> Directions
Find the line containing "Rick Owens Men's" in the data below and repeat it, along with all later lines, exactly through the last one.

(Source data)
Content starts

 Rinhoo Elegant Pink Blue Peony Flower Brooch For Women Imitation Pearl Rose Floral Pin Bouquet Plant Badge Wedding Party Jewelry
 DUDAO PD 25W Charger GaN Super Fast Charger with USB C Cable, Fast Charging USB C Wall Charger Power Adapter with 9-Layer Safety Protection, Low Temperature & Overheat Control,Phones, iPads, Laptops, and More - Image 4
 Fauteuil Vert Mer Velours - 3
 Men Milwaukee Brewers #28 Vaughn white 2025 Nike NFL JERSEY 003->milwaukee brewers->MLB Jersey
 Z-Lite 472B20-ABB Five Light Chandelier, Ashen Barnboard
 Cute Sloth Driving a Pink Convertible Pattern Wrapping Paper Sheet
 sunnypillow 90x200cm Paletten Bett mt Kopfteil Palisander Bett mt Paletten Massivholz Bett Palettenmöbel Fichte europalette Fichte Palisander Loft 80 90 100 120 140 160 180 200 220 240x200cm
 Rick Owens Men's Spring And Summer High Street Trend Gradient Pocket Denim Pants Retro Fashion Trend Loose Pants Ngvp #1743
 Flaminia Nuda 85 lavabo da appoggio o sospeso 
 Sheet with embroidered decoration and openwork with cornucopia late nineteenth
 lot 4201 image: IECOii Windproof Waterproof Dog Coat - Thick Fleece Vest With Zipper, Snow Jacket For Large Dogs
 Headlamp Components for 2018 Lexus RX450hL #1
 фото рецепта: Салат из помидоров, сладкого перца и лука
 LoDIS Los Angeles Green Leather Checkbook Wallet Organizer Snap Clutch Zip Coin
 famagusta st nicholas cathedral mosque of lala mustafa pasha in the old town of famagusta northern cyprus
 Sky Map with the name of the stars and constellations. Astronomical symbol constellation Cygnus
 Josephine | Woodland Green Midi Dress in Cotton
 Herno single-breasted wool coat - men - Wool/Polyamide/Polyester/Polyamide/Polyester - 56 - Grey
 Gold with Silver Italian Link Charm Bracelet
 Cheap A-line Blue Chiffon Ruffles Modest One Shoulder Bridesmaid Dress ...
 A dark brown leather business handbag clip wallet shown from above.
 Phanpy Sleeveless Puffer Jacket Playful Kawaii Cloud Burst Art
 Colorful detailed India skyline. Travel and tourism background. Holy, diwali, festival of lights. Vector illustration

Content ends

> Response to the exercise
 Rick Owens Men's Spring And Summer High Street Trend Gradient Pocket Denim Pants Retro Fashion Trend Loose Pants Ngvp #1743
 Flaminia Nuda 85 lavabo da appoggio o sospeso 
 Sheet with embroidered decoration and openwork with cornucopia late nineteenth
 lot 4201 image: IECOii Windproof Waterproof Dog Coat - Thick Fleece Vest With Zipper, Snow Jacket For Large Dogs
 Headlamp Components for 2018 Lexus RX450hL #1
 фото рецепта: Салат из помидоров, сладкого перца и лука
 LoDIS Los Angeles Green Leather Checkbook Wallet Organizer Snap Clutch Zip Coin
 famagusta st nicholas cathedral mosque of lala mustafa pasha in the old town of famagusta northern cyprus
 Sky Map with the name of the stars and constellations. Astronomical symbol constellation Cygnus
 Josephine | Woodland Green Midi Dress in Cotton
 Herno single-breasted wool coat - men - Wool/Polyamide/Polyester/Polyamide/Polyester - 56 - Grey
 Gold with Silver Italian Link Charm Bracelet
 Cheap A-line Blue Chiffon Ruffles Modest One Shoulder Bridesmaid Dress ...
 A dark brown leather business handbag clip wallet shown from above.
 Phanpy Sleeveless Puffer Jacket Playful Kawaii Cloud Burst Art
 Colorful detailed India skyline. Travel and tourism background. Holy, diwali, festival of lights. Vector illustration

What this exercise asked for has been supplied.